Y a-t-il quelque chose que vous avez appris pendant la phase de recherche qui vous a surpris à propos de Tony ?

Je pense à sa propre insécurité. Une partie de cela est peut-être la timidité. Mais le sentiment que tant de gens m'ont dit qu'il avait un incroyable syndrome de l'imposteur. C'est peut-être parce qu'il a eu du succès si tard dans la vie et que cela a tellement changé sa vie, qu'il n'y faisait tout simplement pas confiance. Il n'avait pas l'impression de le mériter. Les gens m'ont dit que même jusqu'à la fin, il aurait l'impression de s'en tirer avec quelque chose.

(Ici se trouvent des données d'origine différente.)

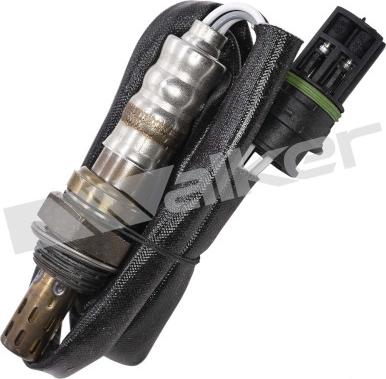 Walker Products 350-34758 - Lambda zonde autospares.lv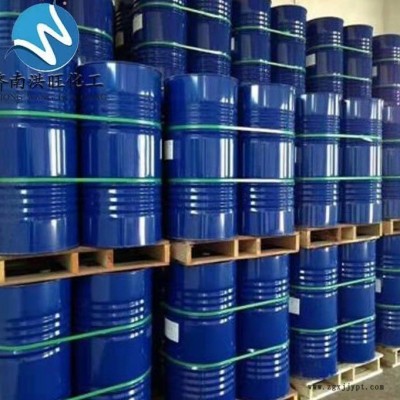 現貨供應多型號硅油紡織柔軟劑油漆用規格全化工原料硅油
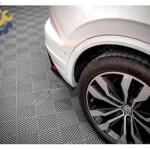 Volkswagen Touareg Body Kit çıkma parça - HY PERFORMANCE İstanbul
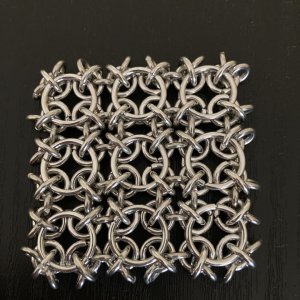 Moon Square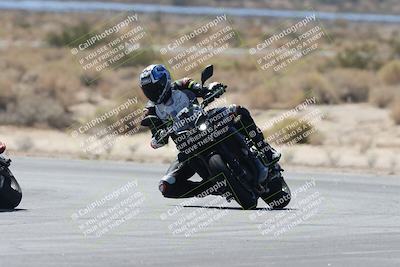 media/Oct-02-2025-Racers Edge (Thu) [[2c91cb6ab3]]/3-B Group/Session 3-Turn 16 (12pm)/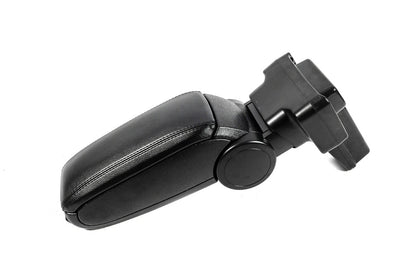 Armrest V-3 Niken Luxury for Volkswagen Golf 4 1997-2006 - image 8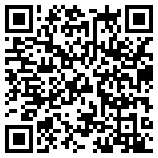 QR Code for Tri-City JR Academy in Pasco, WA 99301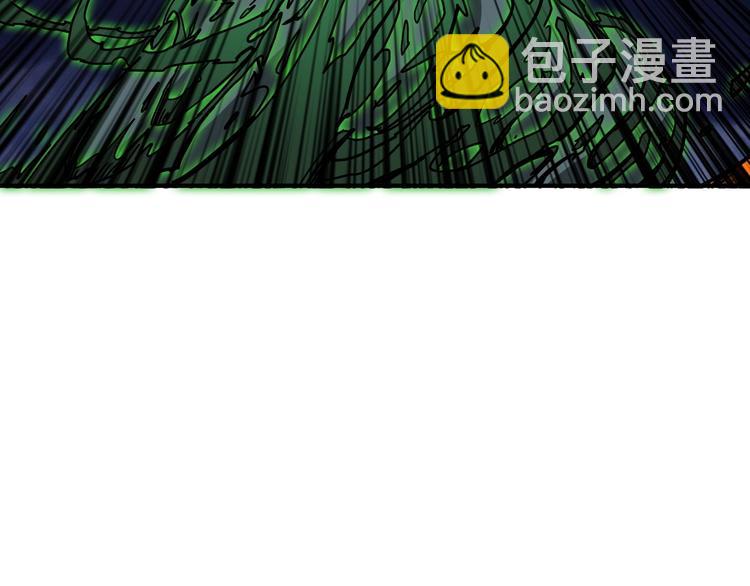 第209话 我预判了你的预判99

Une partie de moi a l'impression qu'il a peut-être intentionnellement nourri ce genre de sentiment, parce que l'autre partie est qu'il n'était pas du tout conscient de son importance. Je pense qu'il aurait été choqué par l'impact de sa mort sur les gens. Je sais que les gens qui étaient dans son petit monde avec lui en ont été complètement choqués. Il dit même dans le film : « Je ne suis pas journaliste, je n'essaie pas d'inspirer les gens. Je pense qu'il a toujours eu cette idée de « Je fais juste une petite émission sur le câble » ou « Je vais juste écrire mes petits livres. » C'est aussi en quelque sorte un mécanisme de survie, de se sentir comme s'il n'était pas important ou ne l'avait pas mérité. Cela le gardait motivé, mais cela le gardait aussi isolé.

Pouvez-vous m'en dire plus sur ce classeur que vous avez mentionné? Je suis toujours accro à ça : que vous ayez parcouru tout ça et que vous ayez tout organisé par thème.

Je vais vous dire une autre chose, dont je n'ai que peu parlé. Mais je suis heureux d'en parler, parce que je pensais que c'était intéressant. Donc, quand je voulais qu'il exprime toutes les narrations, il y avait un certain nombre de choses qu'il a écrites dans ses livres qu'il n'a jamais dites nulle part, ou qu'il a écrites dans un article, mais il ne les avait jamais exprimées. Nous avons donc passé des mois à créer une A.I. modèle de sa voix.

Certainement pas.

Et quelques-unes des narrations du film sont en fait une IA. Tony dit ces lignes. Ce qui est intéressant.

Wow. Je veux vous demander ce qu'ils sont, mais je ne le fais pas non plus, parce que je ne saurais le dire. Je ne le savais évidemment pas. Voulez-vous dire de quelles lignes il s'agit ?

Je vais vous le dire officieusement, parce que vous êtes curieux. (Divulgue un exemple d'IA. ligne.) Les deepfakes et tout ça sont très obscurs sur le plan éthique, mais j'ai définitivement parlé à son agent littéraire et à tout le monde pour m'assurer qu'ils étaient à bord. Nous ne mettions pas de mots dans sa bouche. Nous essayions simplement d'articuler des choses qu'il avait déjà dites.

***

Roadrunner : un film sur Anthony Bourdain sera dans des salles limitées le 16 juillet, 2021.